Malgré des appuis chancelants, Martine Ouellet semble plus décidée que jamais à refaire le Bloc québécois à son image. C’est du moins ce qui ressort des questions référendaires qui devront être soumises aux membres début juin. Première question : « Le Bloc doit-il être le promoteur de l’option indépendantiste en utilisant chaque tribune et chaque occasion pour démontrer la nécessité de l’indépendance… ? » Oui ou non. Aucune référence ici à ce qui a caractérisé le parti depuis au moins 20 ans, soit la « défense des intérêts du Québec », et qui est au coeur de la controverse qui tourmente le parti. Cap, plutôt, sur la promotion souverainiste au pas de l’oie. Peu importent le lieu, le contexte ou l’auditoire, à Ottawa comme à Québec, au Parlement comme dans la rue, on y va d’un bon « un, deux » !
Aucune concession, non plus, au fait que le vote de confiance envers la chef, la deuxième question à être posée aux membres, devrait normalement se situer au-dessus de 75 %. Martine Ouellet, elle, se contentera de 51 %.
On reconnaît ici l’approche téméraire de la députée de Vachon, son entêtement olympique, cette curieuse déconnexion de son entourage immédiat, certains diraient de la réalité, afin de poursuivre une bien belle idée, certes, la souveraineté, mais qui peut ressembler à une simple marotte tant l’approche ici est rigide, automatique et sans relâche. Sans contenu, aussi. Avec une telle démarche, qui, au juste, pense-t-elle convaincre ?
Pourtant, des femmes aussi passionnées et compétentes que Martine Ouellet, il nous en faut. Tout se passe comme si Mme Ouellet avait décidé de combler les lacunes dites féminines, le manque d’assurance et d’estime de soi, la peur de l’affrontement et de l’adversité, en agissant tout à fait à l’opposé, en étant plus dure, plus sûre et plus intransigeante que n’importe quel homme. Lorsqu’on la compare à Mario Beaulieu, pourtant pur et dur lui aussi, on voit déjà la différence. Sentant la soupe chaude aux dernières élections, M. Beaulieu n’avait pas hésité à céder la direction à Gilles Duceppe. Mme Ouellet, elle, ne cédera la place qu’en tombant sur son épée.
Il est toujours fascinant de voir les Jeanne d’Arc de ce monde, les pasionarias et les croisés, comme Martine Ouellet, s’exécuter sur la place publique. Cette façon d’être scrupuleusement attentif à la petite voix intérieure, à sa propre vision du monde mais à l’exclusion de tout le reste, est chose impressionnante en soi. La chef du Bloc aurait été une artiste qu’on l’applaudirait à tout rompre. Malheureusement pour elle, elle a choisi un métier où la conciliation, le compromis et le don de soi sont de rigueur. La politique, disait jadis Jacques Parizeau, est un « concert d’orteils ». On est constamment entouré, sollicité, dans l’obligation d’aller vers l’autre, en évitant de piler sur les pieds, justement, et en tentant d’amadouer le plus grand nombre.

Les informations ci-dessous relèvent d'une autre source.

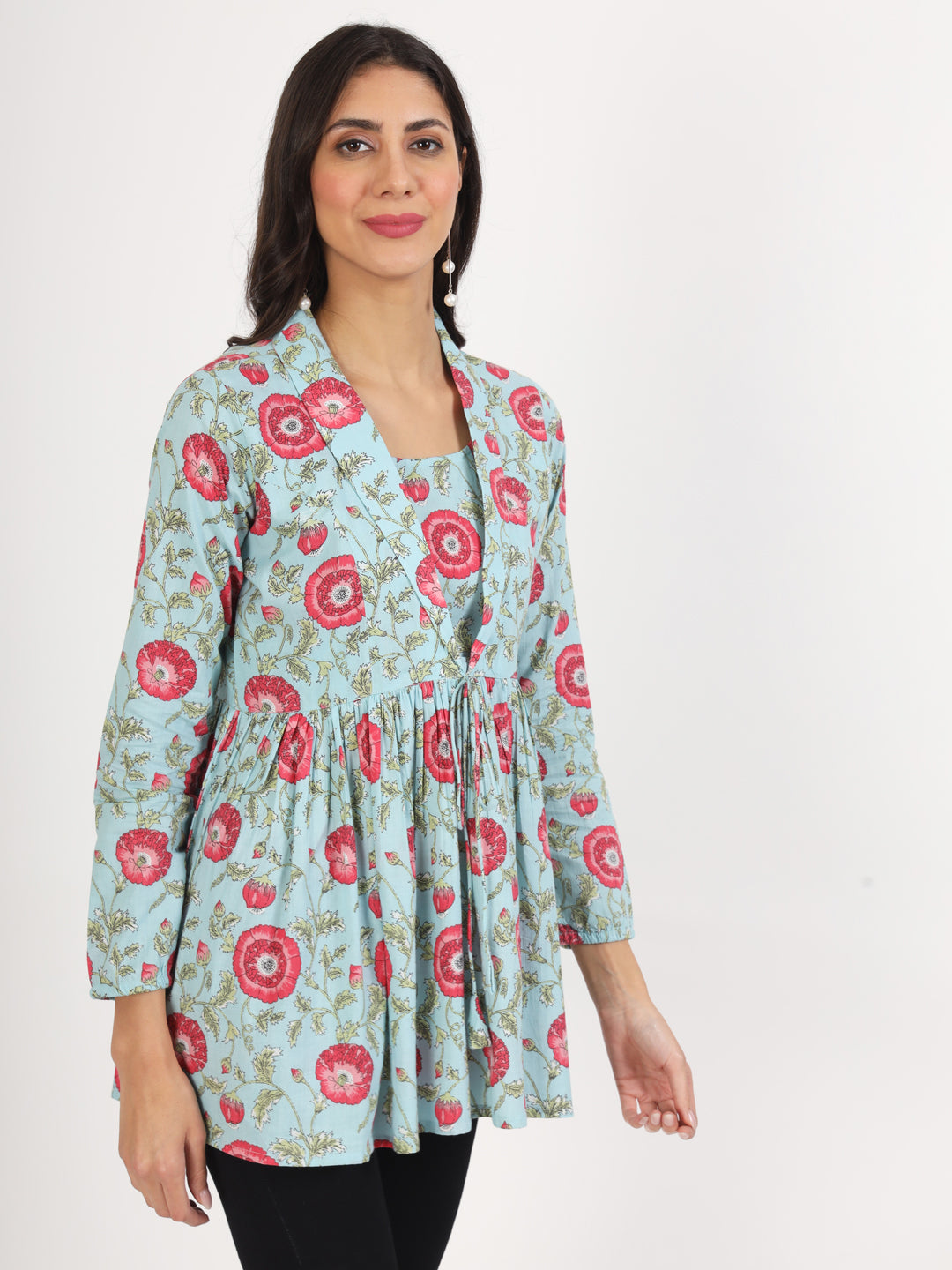 Sky Blue Floral Printed Cotton Top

Ce besoin de concilier l’inconciliable, de mettre de l’eau dans son vin, est précisément ce qui permit au Bloc de se maintenir à Ottawa. Le parti de Lucien Bouchard devait plier bagage, rappelons-le, au plus tard deux ou trois ans après le dernier référendum — à plus forte raison advenant un non. Ayant perdu sa raison d’être, c’est-à-dire aider à mettre en place les modalités souverainistes dans l’enceinte fédérale, le petit parti indépendantiste a muté, sans d’ailleurs jamais consulter personne là-dessus, en parti nationaliste. Mine de rien, il s’est mis à défendre poliment, respectueusement, les « intérêts du Québec » à Ottawa. De la même façon que la grande majorité des Québécois sont nationalistes sans nécessairement être indépendantistes, le Bloc s’est mis au service du plus grand nombre, tout en respectant l‘enceinte de la démocratie canadienne où il avait décidé de s’accrocher les pieds. Tant qu’à rester à Ottawa, pouvait-il vraiment faire autrement ?
On est à mille lieues ici de la promotion souverainiste tous azimuts défendue par Martine Ouellet. Sans égard à ce qui se passe à Québec, un non-sens en partant, sans égard non plus au Parlement canadien, la chef du Bloc a décidé, elle, de chasser les moumounes du temple pour mieux imposer sa vérité. Est-ce vraiment du courage ou seulement du narcissisme mal placé ? Après des mois de pathos et de rebondissements, il n’y a plus que l’impudente députée qui est dupe de ce spectacle. Si la Jeanne d’Arc de l’Histoire a aidé sa cause en y laissant sa peau, Martine Ouellet n’aide malheureusement ni la sienne ni personne, encore moins elle-même, en jouant la martyre.